Cela m’amène à parler un peu de la fondation Hirondelle. C’est une Ong qui s’est spécialisée dans l’accompagnement des médias dans des situations de conflit et post-conflit. J’ajoute : Etat fragile. C’est ce qui m’a amené à travailler d’abord en Centrafrique, à Bangui, pendant à peu près sept ans. J’ai fait quelques mois à Kinshasa aussi, à radio Okapi. Pour les autres pays, malheureusement, les zones de conflit se sont déplacées en Afrique de l’Ouest. En Guinée, malheureusement, il y a une distension de la cohésion sociale. Pour le Mali, le pays est en crise depuis 2012. Il ne faut pas souhaiter que la fondation Hirondelle débarque dans un pays, parce que cela signifie qu’il y a quelque chose qui ne va vraiment pas.

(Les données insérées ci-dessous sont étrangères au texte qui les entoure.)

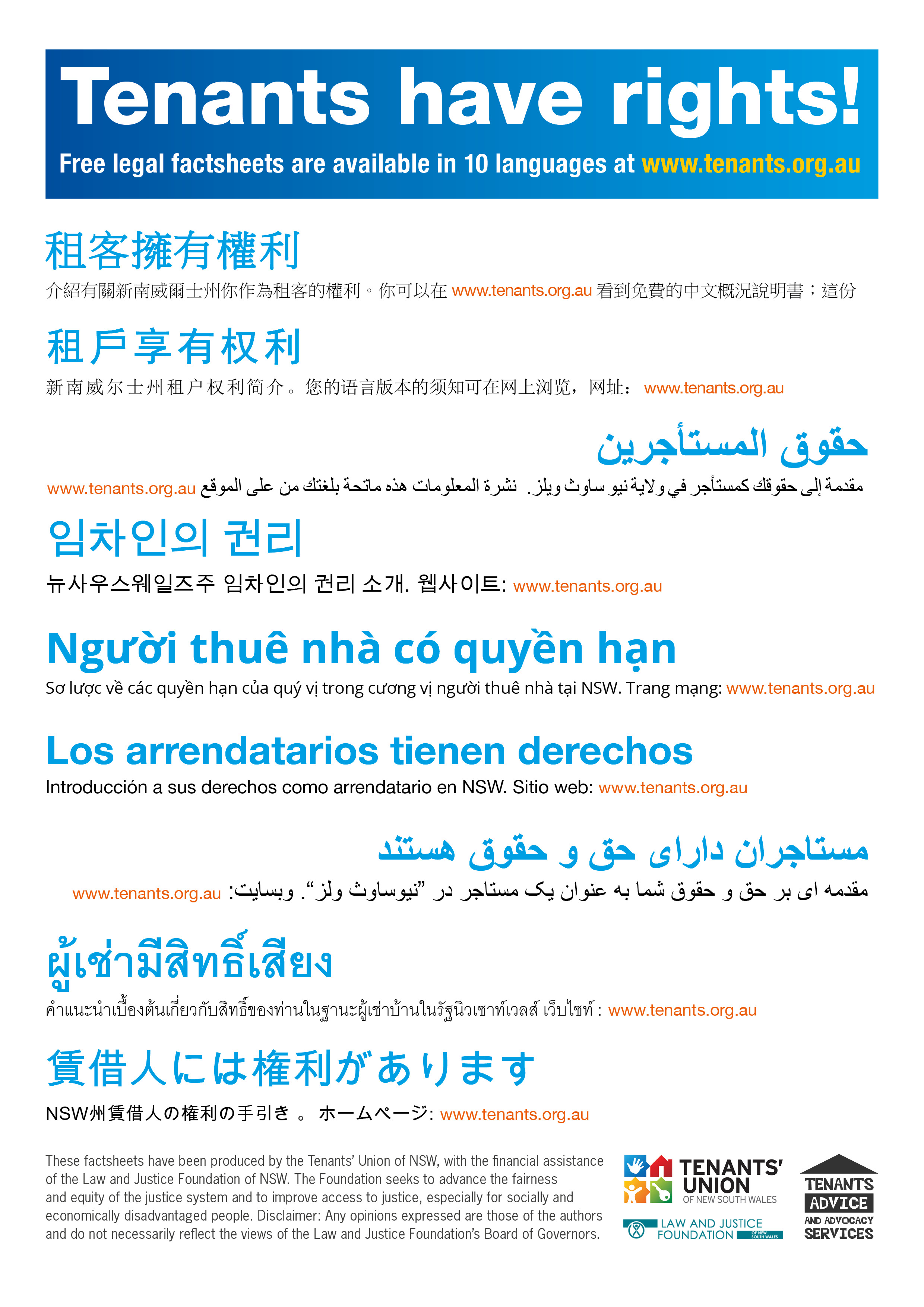 Tenants' have rights! Community languages poster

Je suis dans cette problématique, à savoir que les radios telle la langue d’Esope sont capables du meilleur comme du pire. Nous voulons, dans un contexte de conflit, de crise, amener les radios à être des sapeurs-pompiers, éteindre le feu d’abord, viser l’apaisement, rassurer les populations. Elles peuvent faire de la prévention pour que les germes de conflit, les signes avant-coureurs du conflit qui sont présents dans toutes les sociétés ne provoquent pas une explosion en violence directe.

Voilà les problématiques sur lesquels je travaille avec la fondation Hirondelle. Il y a deux volets qui concernent la diffusion et la production de programmes. Il y a également l’encadrement qui sous-entend des formations. Je fais beaucoup de formation de journalistes sur le terrain, mes terres de travail.

Eu égard à votre expérience, comment des journalistes ou des médias peuvent déclencher des conflits dans un pays ou entre des pays ?

Malheureusement, cela arrive beaucoup plus souvent qu’on ne le pense. Un dérapage, une maladresse, un mot mal placé ou mal compris peuvent envenimer une situation. Il suffit juste qu’un journaliste prenne position par exemple ou s’attaque à un camp, montre qu’il est partie prenante en soutenant un camp plus qu’un autre ; qu’un journaliste donne la parole à un va-t-en-guerre au lieu de quelqu’un qui est plus conciliant, plus souple. Tout cela conduit à l’embrasement d’une situation et les exemples sont malheureusement nombreux.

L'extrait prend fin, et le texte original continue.